The Lego Group, Denmark, has joined the How2Recycle initiative, providing U.S. consumers with guidance and encouragement to responsibly recycle their Lego packaging. The first Lego boxes with How2Recycle labelling will be rolled out across the U.S. throughout 2018.

How2Recycle aims to promote recycling by reducing confusion through creating a clear, well-understood and nationally recognized label that enables companies to convey to consumers how to recycle a package.

By the end of 2018, more than 60 percent of new Lego boxes in the U.S. will feature the How2Recycle Label. The Lego Group says it aims to further extend the How2Recycle Label to nearly all new North American products during 2019.

“Every day at the Lego Group we strive to make a positive impact on the world for children, and work to play our part today in protecting the Earth’s finite resources for future generations,” says Tim Brooks, vice president of environmental responsibility for Lego.”

Brooks continues, “Lego bricks are designed to be reused and handed down through generations, but not everyone keeps their Lego boxes. Implementing the How2Recycle Label on Lego packaging is an important step in minimizing landfill through clear guidelines, encouraging consumers to responsibly recycle their packaging.”

Insights show many recyclable products and packages end up in landfill, as many consumers are confused about which items can be recycled, and how to sort them.

The How2Recycle Label is a project of the Sustainable Packaging Coalition and is the first standardized U.S. recycling labeling system designed for consumers. It has changed recycling behavior among consumers since it launched on packages in 2012.

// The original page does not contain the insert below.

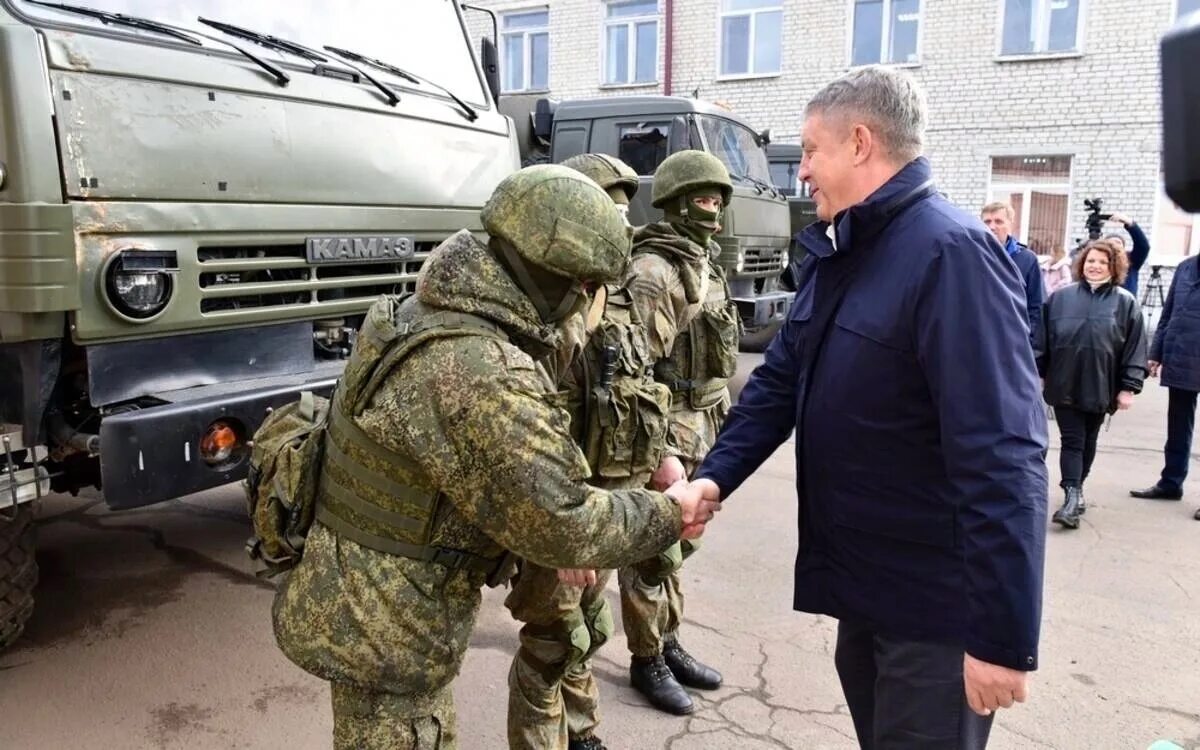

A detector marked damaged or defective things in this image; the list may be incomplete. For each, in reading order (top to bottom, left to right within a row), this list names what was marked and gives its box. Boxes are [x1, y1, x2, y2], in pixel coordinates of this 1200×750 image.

More than 60 leading brands, such as Campbell’s, Unilever, PepsiCo and McDonald’s, have added this labeling to their packaging. Several retailers such as Target and Walmart also are supporters, How2Recycle says, adding it to all their private label packaging and encouraging their suppliers to do the same.

The Lego Group says it already has taken several steps to improve the sustainability of its packaging. 100 percent of paper and cardboard used in Lego products and packaging is sustainably sourced and certified by the Forest Stewardship Council, the company says. The green box initiative reduced packaging size and improving transport efficiency, saving up to 10,000 truckloads to date.

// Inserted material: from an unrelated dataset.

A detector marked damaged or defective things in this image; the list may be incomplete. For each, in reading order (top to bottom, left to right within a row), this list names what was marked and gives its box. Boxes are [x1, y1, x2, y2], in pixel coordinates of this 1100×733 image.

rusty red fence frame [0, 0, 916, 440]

Lego Group outlines its other sustainability efforts:

  • During 2017, the Lego Group celebrated achieving its 100 percent renewable energy target. Through investments in wind power, the energy used to make Lego bricks is now balanced by the production of renewable energy.
  • In June 2017, the Lego Group extended its partnership with the World Wildlife Fund for Nature (WWF) as part of efforts to reduce carbon dioxide emissions in manufacturing and supply chain operations and promote global action on climate change.
  • The Lego Group has committed to make all products and packaging from sustainable materials by 2030 and has made progress in testing new materials, such as introducing sustainable paper pulp trays for the Lego advent calendar and reducing unrecyclable black plastic waste from going to landfill.